Quiet Quitting no Século XVIII ou a Frustração de um Padre com os Registos Paroquiais

No mundo pós-pandemia, o conceito de "quiet quitting" tem sido amplamente debatido. Muitas pessoas passaram a limitar o seu esforço no trabalho ao estritamente necessário, evitando tarefas extra ou preocupações que não lhes são devidamente reconhecidas. Mas será este um fenómeno moderno? Parece que não! Recentemente, ao pesquisar em livros paroquiais antigos, encontrei um exemplo surpreendente dessa mesma atitude – só que em 1748.


https://digitarq.adbja.arquivos.pt/viewer?id=1055788
TIF 65

O documento em questão é uma declaração do padre Timóteo Rodrigues da Costa, registada num livro de batismos de Odemira (São Salvador). Nela, o padre expressa a sua frustração por não conseguir elaborar registos precisos, devido à falta de colaboração da comunidade. Segundo ele, muitas vezes os pais forneciam informações erradas sobre os avós dos batizados – fosse por ignorância, fosse por malícia, para ocultar certos aspetos da família, com a agravante de não usarem sempre os mesmos cognomes.
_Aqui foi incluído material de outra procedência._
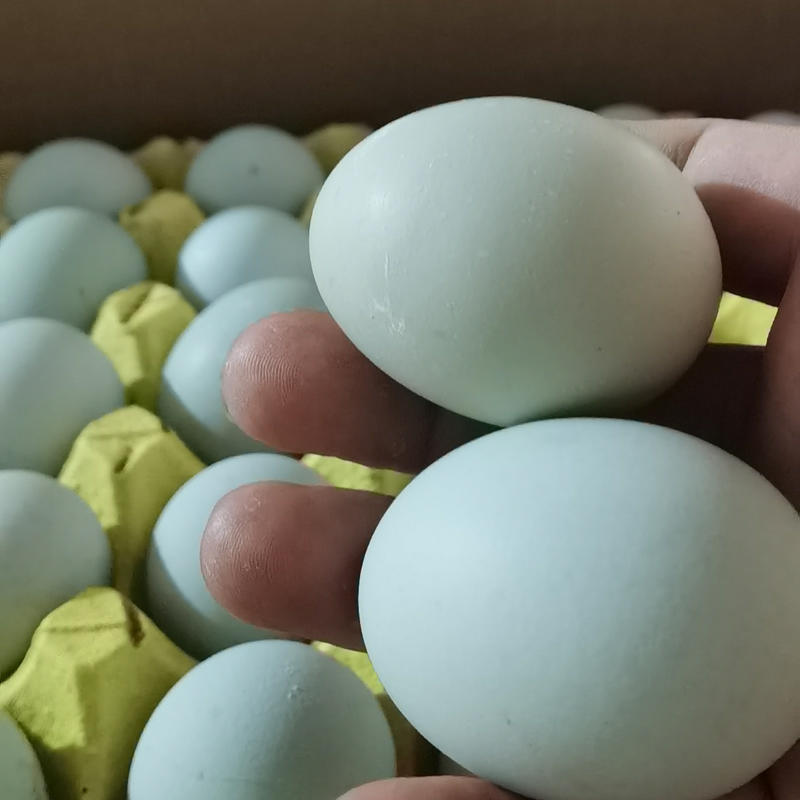 【整车270件起】绿壳蛋乌鸡蛋360枚/箱净重30-35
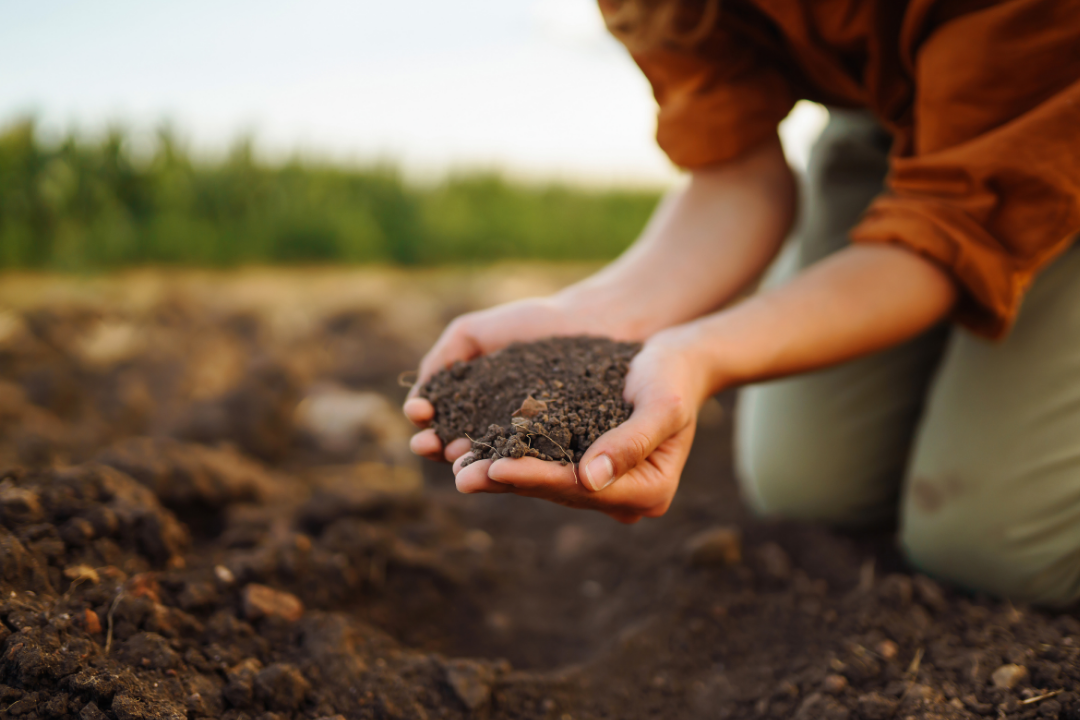 BNDES lança programa para apoiar agricultores com produção de bioinsumos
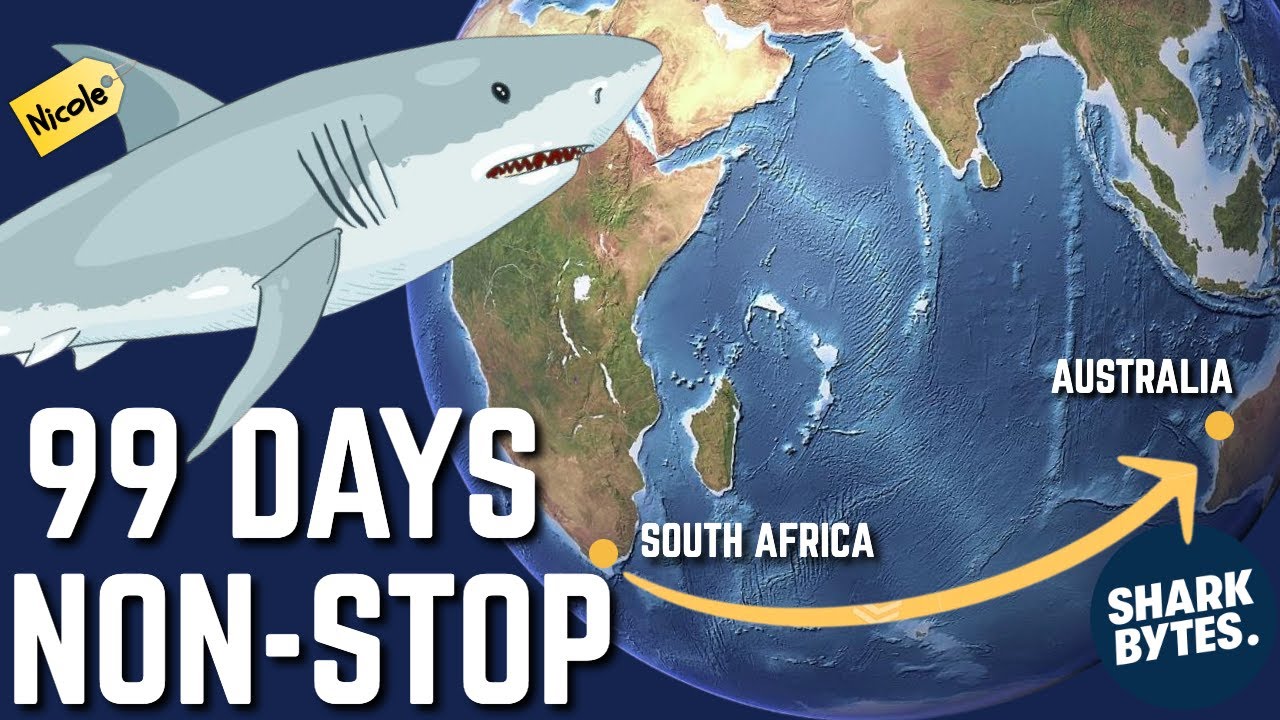 Fastest EVER: White Shark's 12,000-Mile Ocean Trek!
Além disso, queixavam-se quando ele tentava esclarecer os dados. Como resposta, ele decidiu simplificar o seu trabalho e deixar de insistir na perfeição dos registos:

"Portanto, determino fazer os assentos mais breves, daqui por diante, vista sua dificuldade, erros, enganos que há nos extensos, e queixas, que fazem disso."

(Odemira, 17 de março de 1748)

Ou seja, o padre percebeu que o seu esforço extra não era valorizado e, em vez de lutar contra isso, decidiu adotar uma abordagem mais minimalista. Isto não significa que ele abandonou as suas funções, mas sim que ajustou o nível de empenho ao reconhecimento (ou falta dele) por parte dos seus paroquianos.

Este testemunho é um lembrete fascinante de que certos comportamentos no trabalho não são exclusivos da era moderna. Genealogistas e historiadores que lidam com fontes primárias frequentemente encontram dificuldades semelhantes: erros, omissões e até informações deliberadamente falsas. O que este padre viveu no século XVIII ainda é um desafio para quem hoje tenta reconstruir a história das famílias. 

E porque posso sentir a sua dor, caro padre Timóteo, aqui do do século XXI, mando-lhe um abraço solidário – porque há coisas que nunca mudam!